Dear younger self…
I woke up this morning to a text from a young lady, who asked if I could share a few tips on love/self care for young women because she felt education was pushed in society but not much else beyond that, and the results are every where in these streets. I thought about it and here is MY list.
1. Follow your parents rules but Develop a few of your own.
Our parents are supposed to be our guiding system and usually that makes sense because well, they are our parents and their immediate goal is to keep us safe, if they have sense and a sense of direction. Not everyone is so lucky and had to develop survival skills early on in life. But what if your mom or dad chose to remain in an abusive relationship for example for whatever the reason they had in their head at the time? Does that mean you should grow up and do that too? Or did you go in the opposite direction and become an abuser yourself? Learning to develop a sense of right and wrong, also develops the gut instinct that will keep you from going down the wrong path.
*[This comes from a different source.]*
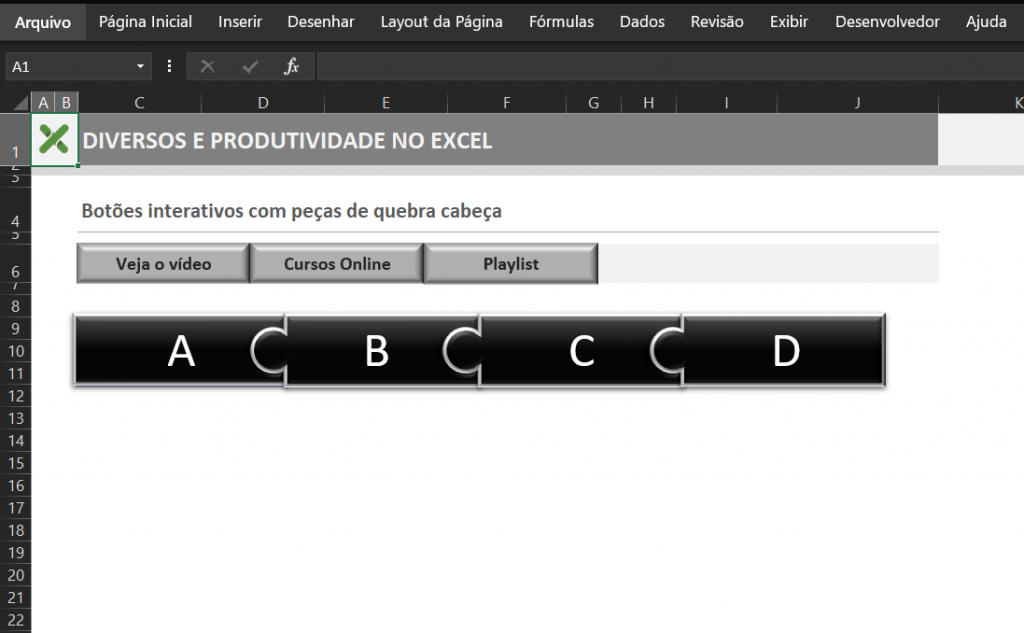 Menu interativo aplicado no Excel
2. Love yourself without apology.
We are often taught, especially as young women to take care of everyone before ourselves. That is a lie that keeps on perpetuating itself. By the time you look up from taking care of others and are too exhausted to look after you, it’s often after you are ill or boxed into a corner rife with decisions that are costly to your soul. Take care of your basic needs first.
3. Don’t be afraid of making mistakes but learn from them.
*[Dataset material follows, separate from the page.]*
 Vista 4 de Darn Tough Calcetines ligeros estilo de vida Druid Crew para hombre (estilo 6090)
How many of us have found ourselves in a relationship from hell? I sure have. More than once too. And yes, I cried got mad and wanted to put a hurting on a couple of them. What I didn’t do? Was stay in that space. Holding a grudge counterproductive. I wrote out my feelings, discussed it with someone I could trust and then took the steps to regain my life by moving the hell on. The only person that wins when you stay in that vicious cycle of trying to hold on to that which no longer wants you, is the killer of your self esteem. And trust me- losing that precious commodity is too costly and usually not worth the ninja you were pining over. In fact, you will look back and say HOW did I do THAT? But use it as the lesson for what you don’t want to embrace moving forward.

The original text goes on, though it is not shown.